I give you this brief and woefully incomplete history of twentieth-century music because it helps to provide context around why a venue like Constellation, that gives contemporary performers and composers a place to practice their art, is so important—but also because, to me at least, these swirling waters of atonality, minimalist repetition and jazz harmonies found a fascinating synthesis in the music of Chicago-born composer Joseph Schwantner. To listen to his music is to hear the propulsive rhythms of minimalism combined with seventh-based jazz harmonies in a complex tonal structure that very few composers could have pulled off.

“[It’s] like looking through a crystal prism with rainbows of light piercing the air around it,” says flutist Jennie Oh Brown. “Schwantner’s music has an energy and a vitality that is amazing to hear and play.” Brown released an album of Schwantner’s music last year and is producing and performing a concert of his chamber music at Constellation this month. She first met Schwantner when she was a student at the Eastman School of Music in Rochester where he was on faculty.

“Upon graduating, I followed his career with great interest,” she says. “I eagerly purchased every piece for flute that Joe published, and happily brought these to the stage and into my teaching studio. Many years ago Joe even met with one of my student flute quartets to give them a coaching on his piece ‘Silver Halo.’ I remain incredibly grateful for his generosity of time and spirit, which has continued from my student days through to the present. Additionally, it was exciting for me to have this rather significant body of flute music that was created by such an illustrious and highly respected American composer. Joseph Schwantner is simply at the pinnacle of the field.”

The concert features Brown and an all-star cast of musicians performing the virtuosic “Silver Halo” for flute ensemble, “Black Anemones,” a transcription for flute and piano of a song inspired by a fascinating poem by Agueda Pizarro, the vibrant “Taking Charge” for flute, percussion and piano and “Looking Back,” an appropriately titled piece that makes musical reference to several earlier works including two from this program.
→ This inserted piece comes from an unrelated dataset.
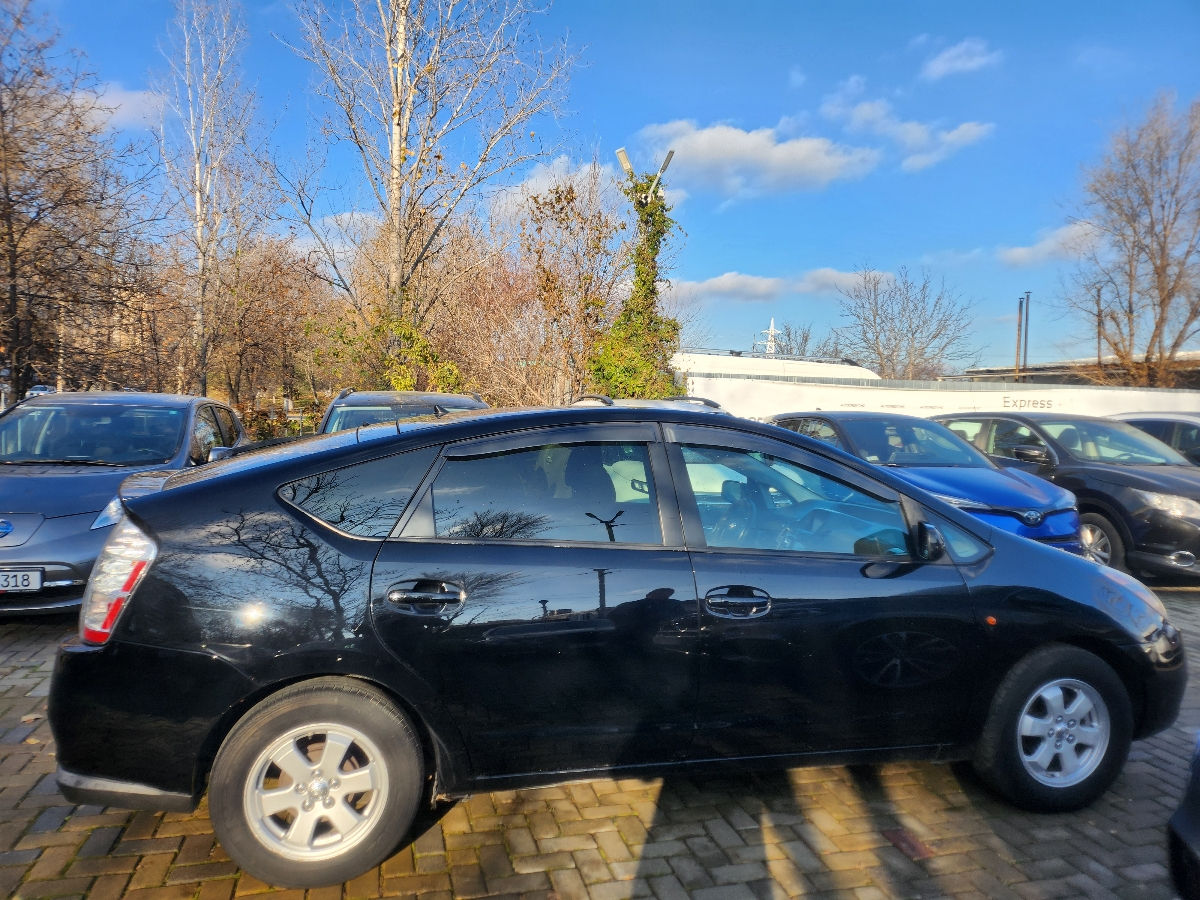 Toyota Prius foto 1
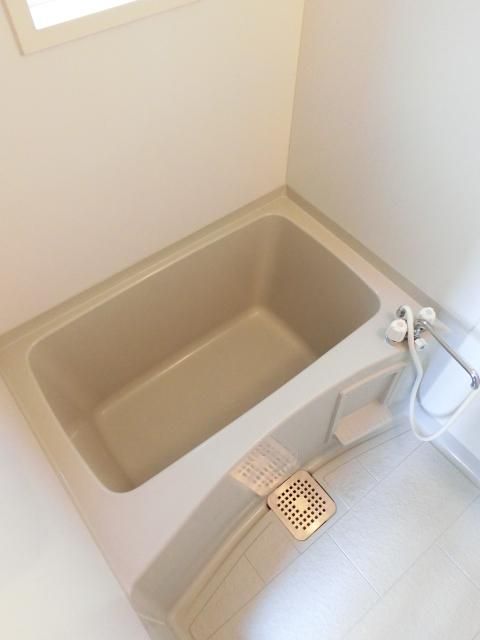 バス・シャワールーム　窓付きで換気良好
Music changed more in the twentieth century than in the last four centuries combined. It was a fascinating, dizzying time and it was a time in which composers often took sides against each other. How refreshing then to find a composer like Schwantner who instead drew from everything and made it his own, and how wonderful to have a supportive venue in Constellation. Here’s hoping for many more years.

Frequency Series presents Jennie Oh Brown playing Joseph Schwantner on May 21, 8:30pm, at Constellation, 3111 North Western. $5-$15, 18+.